Just recently I was singing the Christmas song, “Little Drummer Boy.” While singing it I had an image of the little boy feeling discouraged as he watched everyone bringing their finest gifts to lay before the King and realizing he had no gift to bring. Then the thought struck me that I had always assumed the little drummer kid was a great drummer, a child prodigy, but more than likely he wasn’t. Great kid drummers are rare.
I have personal experience with kid musicians. All four of my daughters play an instrument and my wife and I insisted that if we were paying for lessons they had to practice every day. We were adamant about this until my second daughter decided she wanted to play the violin. A kid learning to play the violin in a tiny apartment was a real test of our ability and desire to be good parents. So, I believe, parents of drummers have a special place in heaven. A few wrong notes on the violin can’t even compare to the constant Pa Rum Pum Pum PUM’ING of a drum. I’m a drummer and have a special place in my heart for drummers, but that would be painful.
I started thinking about the words to the “Little Drummer Boy” song, but this time viewing the song from Mary’s perspective. I imagined Mary’s pleasure at watching everyone come and shower her child with fine gifts. This would delight any parent. However, in the midst of this she was sensitive enough to see this little boy’s disappointment at not having a gift to bring.

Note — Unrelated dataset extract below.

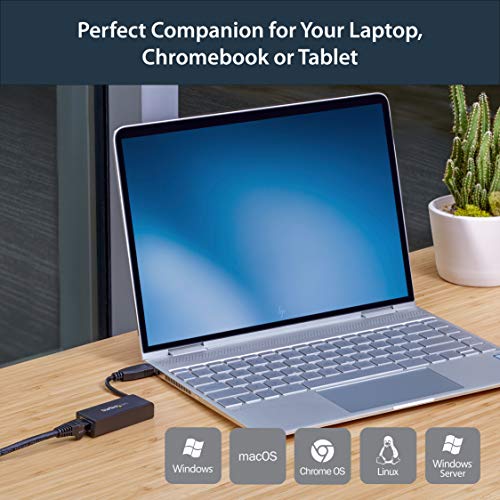 StarTech USB 3.0 to Gigabit Ethernet NIC Adapter USB31000S 1 Gigabit Ethernet Adapter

While others brought tangible gifts, he realized the only gift he had to give was the gift of himself. As a musician myself, I know that playing music can be a creative and intimate way of expressing my feelings. So, I believe the drummer kid wanted to express his love through his drum. He was so pleased that Mary said “yes” that he wanted to play better than he ever had before. This beautiful gesture brought a smile to the face of the baby Jesus.
This Christmas season as you listen to the song, imagine that the drummer boy is an unskilled beginner, just a noise making kid. Picture Mary peering past the banging drum and seeing his intentions, his heart, and his desire to give his all. Imagine Mary receiving his imperfect display of love like only a mother can and recognizing his sincere expression of love pounded through his drum.
Then, imagine what it would have done to the little boy if she had rejected his gift or told him his drum was too loud or he just wasn’t good enough. Mary understood what her nod of approval would do for this little boy.
So, this Christmas pay close attention. I’m sure there are drummer boys in your midst. Ones who feel they have nothing to give or that they aren’t good enough, but who still need your loving nod of approval. They need you to see past their flaws and see their intentions, heart, and desire. When you see like this you will be using the lens that Mary used and this will bring a smile to the face of Jesus . . . because this is the same lens that He sees you through . . . Pa Rum Pum Pum Pum! Merry Christmas!